Risalah Maktubaat
- Letters of Mir Saiyid Ali Hamadani An Annotated Edition with English Translation and Historical Analysis.
- Author: Mir Syed Ali Hamdani
- Language: Farsi

= Risalah Maktubaat =

Collection of letters by Mir Syed Ali Hamadani

Risalah Maktubaat (Persian: رساله مکتوبات, lit. ‘Treatise of Letters’) is a collection of Persian-language letters written by Mir Syed Ali Hamadani (1314–1384 CE), a prominent Sufi scholar, missionary, and saint of the Kubrawiya order. Known as Shah-e-Hamadan in Kashmir, Hamadani addressed these letters to disciples, rulers, and followers, offering guidance on spiritual practices, moral conduct, and governance.
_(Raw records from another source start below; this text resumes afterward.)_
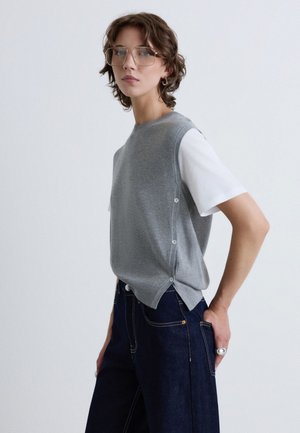 Jeune personne aux cheveux courts et grandes lunettes portant un pull sans manches gris sur un t-shirt blanc et un jean bleu foncé sur fond uni.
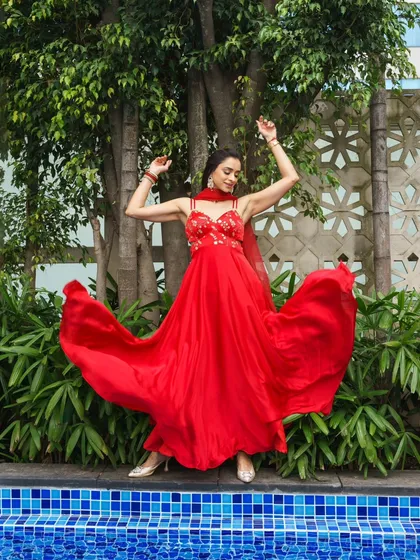 This is from a professional photoshoot where the makeup needed to be striking and camera-ready. I created a look that enhanced her features under professional lighting, paired with a vibrant red anarkali, ensuring the final photos were absolutely stunning.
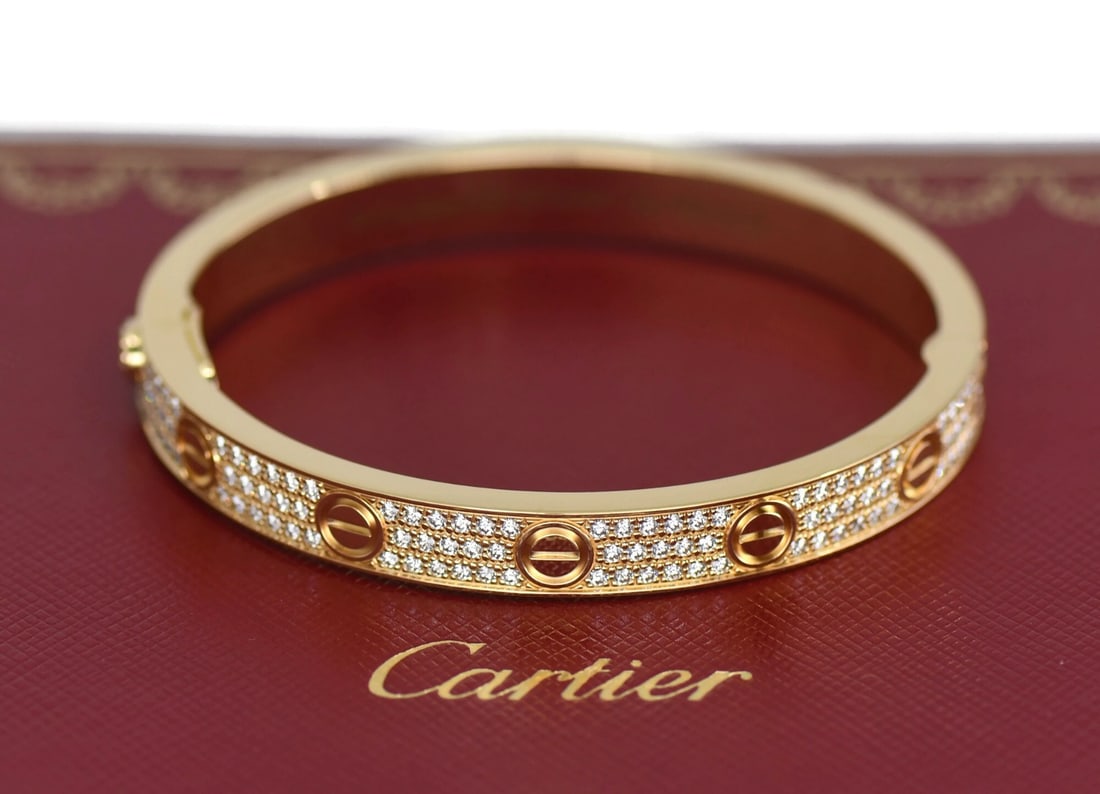 Cartier Love Pave Diamond Bracelet 18K Yellow Gold Size 16: Cartier Love Pave Diamond Bracelet 18K Yellow Gold Size 16 Pre-owned Cartier Love bracelet in 18k yellow gold with a pave diamond design. This bangle-style bracelet is size 16 and comes with the purch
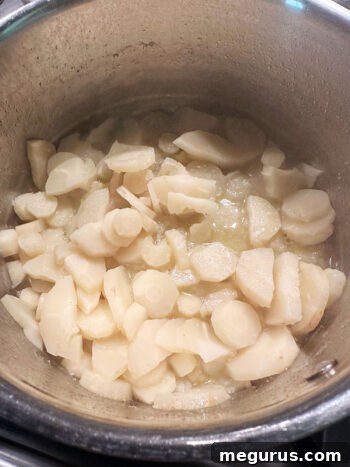 Tender, cooked parsnips in the saucepan after simmering.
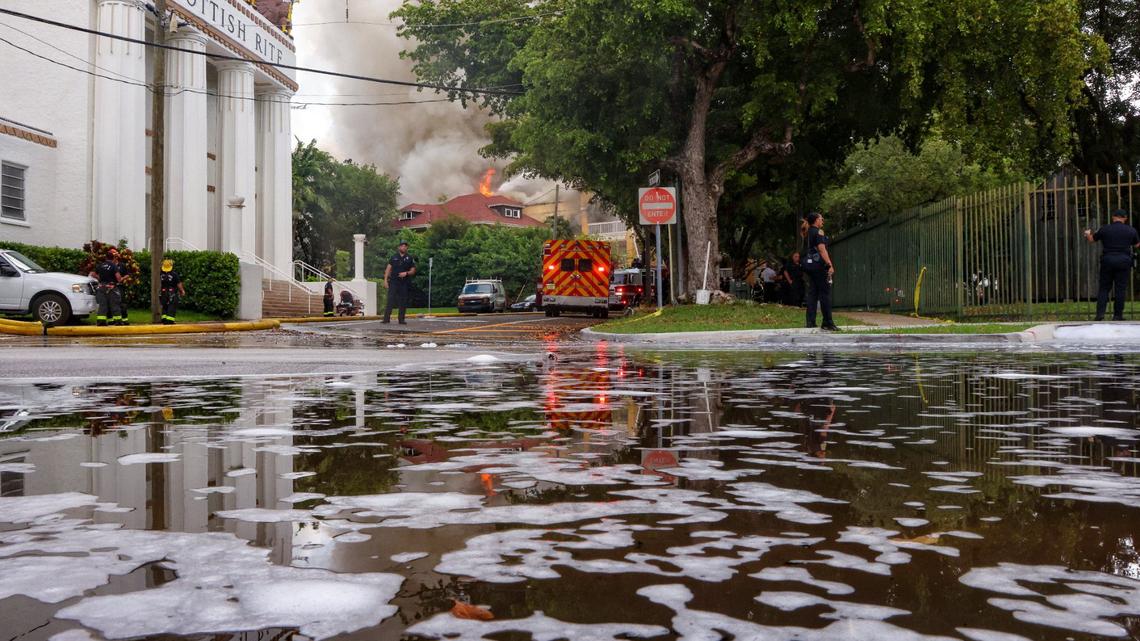 Who was the person found shot at a burning Miami apartment building?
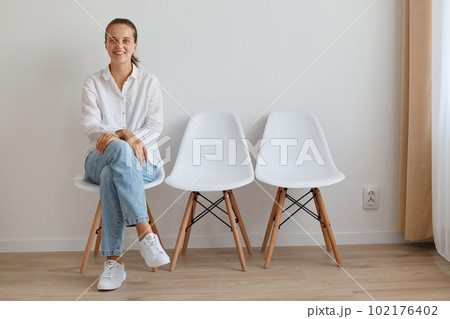 Portrait of happy smiling woman wearing white shirt and jeans sitting on chair in queue, holding her hands on her legs, looking at camera with optimistic expression. 102176402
The work is significant for its insights into Hamadani’s role as a spiritual leader and diplomat in 14th-century Kashmir.

== Background ==
Mir Syed Ali Hamadani was a Persian Sufi who played a key role in spreading Islam in Kashmir, influencing its religious and cultural landscape.

He authored numerous works, including Zakhirat-ul-Muluk and Awrad-e-Fathiya, with Risalah Maktubaat being a collection of his correspondence.

The letters were written during his travels in Central and South Asia, likely in the late 14th century.

== Content ==
Risalah Maktubaat comprises letters addressing:

• Sufi spiritual practices and devotion.

• Advice to rulers, such as Kashmir’s Sultan Qutbu'd-Din Shah, on just governance.

• Guidance for disciples on piety and community relations.

The letters reflect Hamadani’s Kubrawiya Sufi teachings and his diplomatic efforts, including mediating peace between Qutbuddin and Firuz Shah Tughlaq, Sultan of Delhi.

== Significance and legacy ==
Risalah Maktubaat is valued as a primary source for Hamadani’s interactions with contemporaries and his contributions to Kashmir’s Islamization.

It complements his other works, like Zakhirat-ul-Muluk, by documenting his practical leadership.